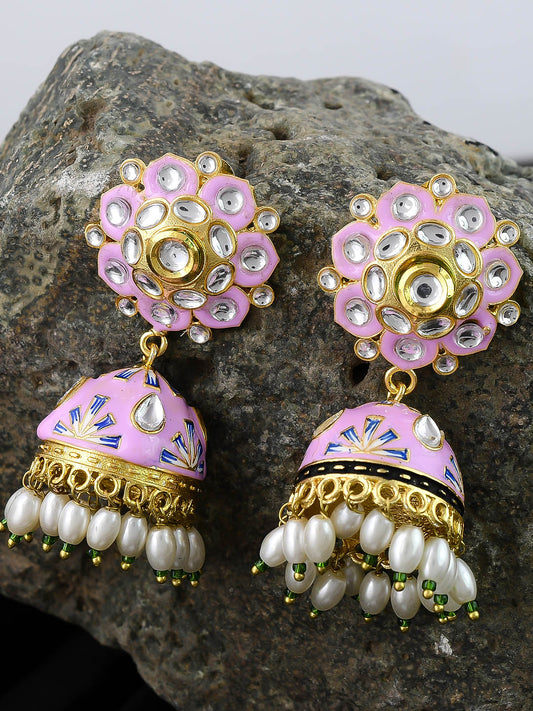 Golden Touch Gulabi Pink Blue Jhumka Drop Earrings for Women Online
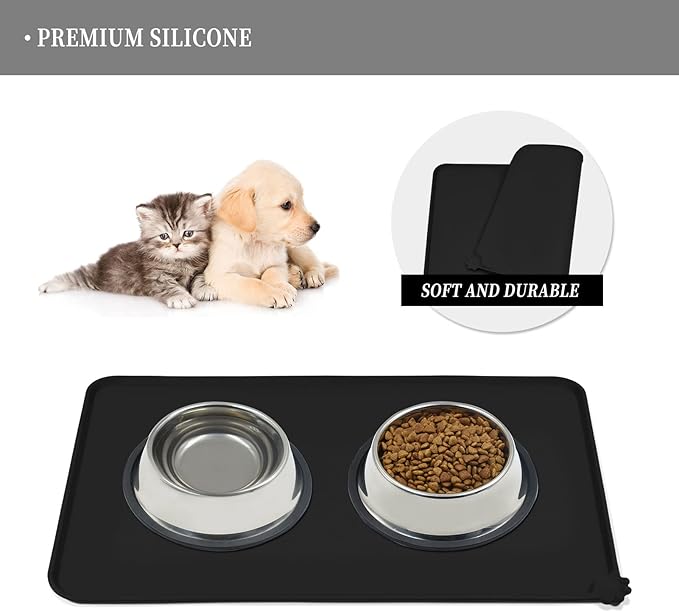 Reopet Waterproof Pet Feeding Mat with High Raised Edges, Heavier and Thicker Placemats for Cat Dog Water Bowl with BPA Free, Dogs Cats Food Mats for Messy Drinkers to Prevent Spill and Protect Floors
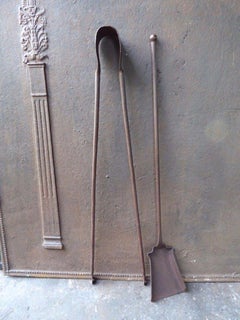 Rustic French Wrought Iron Fireplace Tools or Fire Tools, 18th Century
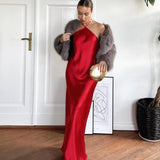 Vestido Longo Acetinado - Cherry Red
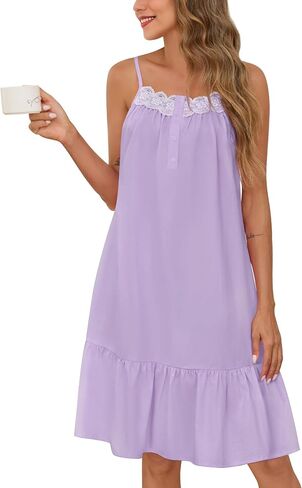 SWOMOG 100% Cotton Nightgowns for Women Lace Sleeveless Sleep Dress Victorian Sleepshirt Button Strap Night Gown in Kuwait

=======

What to produce
Please give back the material above exactly as written, pictures omitted.

Result of the exercise
 Golden Touch Gulabi Pink Blue Jhumka Drop Earrings for Women Online
 Reopet Waterproof Pet Feeding Mat with High Raised Edges, Heavier and Thicker Placemats for Cat Dog Water Bowl with BPA Free, Dogs Cats Food Mats for Messy Drinkers to Prevent Spill and Protect Floors
 Rustic French Wrought Iron Fireplace Tools or Fire Tools, 18th Century
 Vestido Longo Acetinado - Cherry Red
 SWOMOG 100% Cotton Nightgowns for Women Lace Sleeveless Sleep Dress Victorian Sleepshirt Button Strap Night Gown in Kuwait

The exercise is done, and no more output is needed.